In telecommunication and signal processing companding (occasionally called compansion) is a method of mitigating the detrimental effects of a channel with limited dynamic range. The name is a portmanteau of compressing and expanding. The use of companding allows signals with a large dynamic range to be transmitted over facilities that have a smaller dynamic range capability. Companding is employed in telephony and other audio applications such as professional wireless microphones and analog recording.

## How it works

While the dynamic range compression used in audio recording and the like depends on a variable-gain amplifier, and so is a locally linear process (linear for short regions, but not globally), companding is non-linear and takes place in the same way at all points in time. The dynamic range of a signal is compressed before transmission and is expanded to the original value at the receiver.

The electronic circuit that does this is called a compandor and works by compressing or expanding the dynamic range of an analog electronic signal such as sound recorded by a microphone. One variety is a triplet of amplifiers: a logarithmic amplifier, followed by a variable-gain linear amplifier and an exponential amplifier. Such a triplet has the property that its output voltage is proportional to the input voltage raised to an adjustable power.

Companded quantization is the combination of three functional building blocks – namely, a (continuous-domain) signal dynamic range compressor, a limited-range uniform quantizer, and a (continuous-domain) signal dynamic range expander that inverts the compressor function. This type of quantization is frequently used in telephony systems.[1][2]

In practice, companders are designed to operate according to relatively simple dynamic range compressor functions that are designed to be suitable for implementation using simple analog electronic circuits.

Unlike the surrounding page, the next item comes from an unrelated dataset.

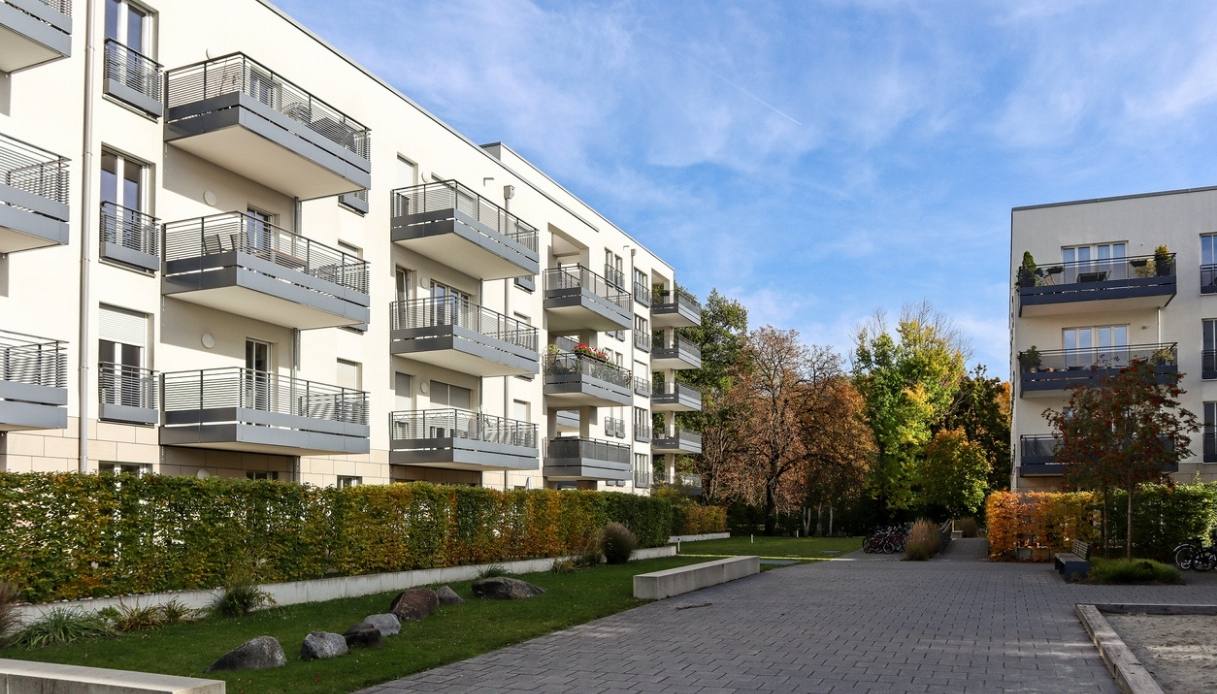 Acquistare casa senza mutuo, il 51% compra con liquidità: chi lo fa e perché conviene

The two most popular compander functions used for telecommunications are the A-law and μ-law functions.

## Applications

Companding is used in digital telephony systems, compressing before input to an analog-to-digital converter, and then expanding after a digital-to-analog converter. This is equivalent to using a non-linear ADC as in a T-carrier telephone system that implements A-law or μ-law companding. This method is also used in digital file formats for better signal-to-noise ratio (SNR) at lower bit rates. For example, a linearly encoded 16-bit PCM signal can be converted to an 8-bit WAV or AU file while maintaining a decent SNR by compressing before the transition to 8-bit and expanding after a conversion back to 16-bit. This is effectively a form of lossy audio data compression.

Professional wireless microphones do this since the dynamic range of the microphone audio signal itself is larger than the dynamic range provided by radio transmission. Companding also reduces the noise and crosstalk levels at the receiver.[3]

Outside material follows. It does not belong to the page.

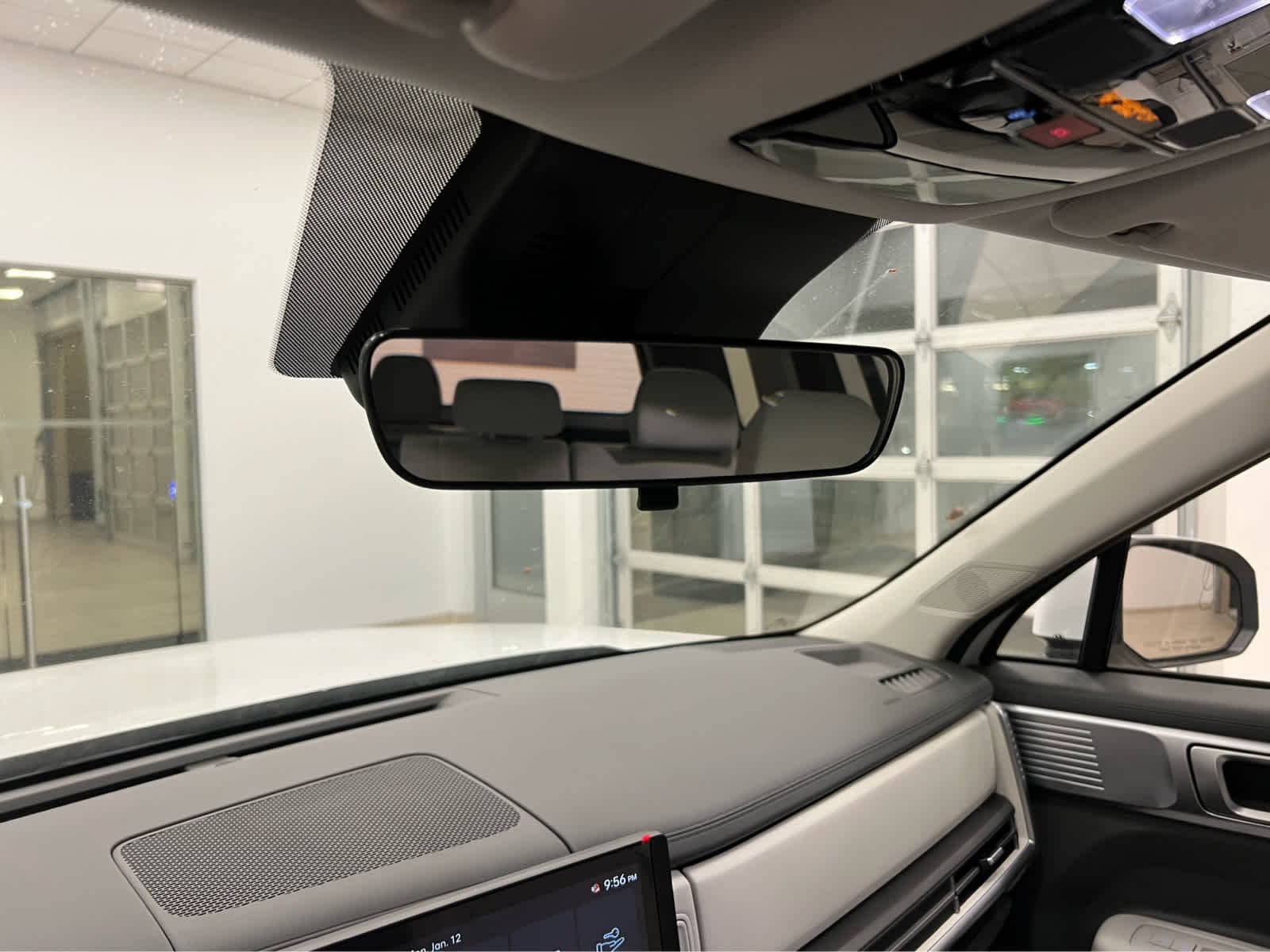 New 2026 Hyundai Santa Fe SE image 32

Compandors are used in concert audio systems and in some noise reduction schemes such as dbx and Dolby NR (all versions).

## History

The use of companding in an analog picture transmission system was patented by A. B. Clark of AT&T in 1928 (filed in 1925):[4]

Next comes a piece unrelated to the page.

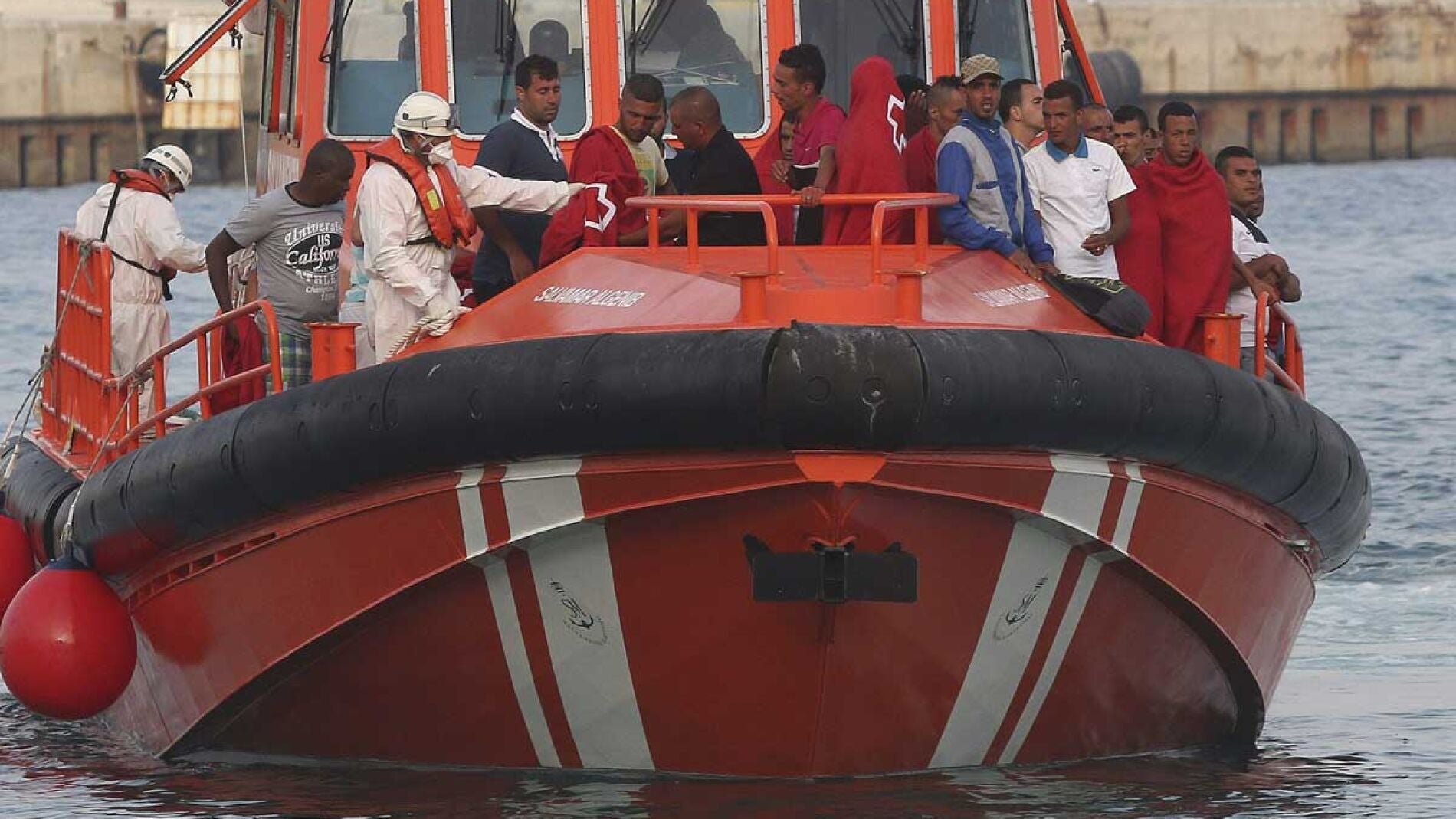 Inmigrantes rescatados en aguas de Almer&iacute;a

In the transmission of pictures by electric currents, the method which consists in sending currents varied in a non-linear relation to the light values of the successive elements of the picture to be transmitted, and at the receiving end exposing corresponding elements of a sensitive surface to light varied in inverse non-linear relation to the received current.
—A. B. Clark patent

In 1942, Clark and his team completed the SIGSALY secure voice transmission system that included the first use of companding in a PCM (digital) system.[5]

In 1953, B. Smith showed that a nonlinear DAC could result in the inverse nonlinearity in a successive-approximation ADC configuration, simplifying the design of digital companding systems.[6]

In 1970, H. Kaneko developed the uniform description of segment (piecewise linear) companding laws that had by then been adopted in digital telephony.[7]

In the 1980s (and 90's), many of the music equipment manufacturers (Roland, Yamaha, Korg) used companding for data compression in their digital synthesizers. This dates back to the late 80's when memory chips would often come as one the most costly parts in the instrument. Manufacturers usually expressed the amount of memory as it is in the compressed form. i.e. 24MB waveform ROM in Korg Trinity is actually 48MB of data. Still the fact remains that the unit had a 24MB physical ROM. In the example of Roland SR-JV expansion boards, they usually advertised them as 8MB boards which contain '16MB-equivalent content'. Careless copying of the info and omitting the part that stated "equivalent" can often lead to confusion.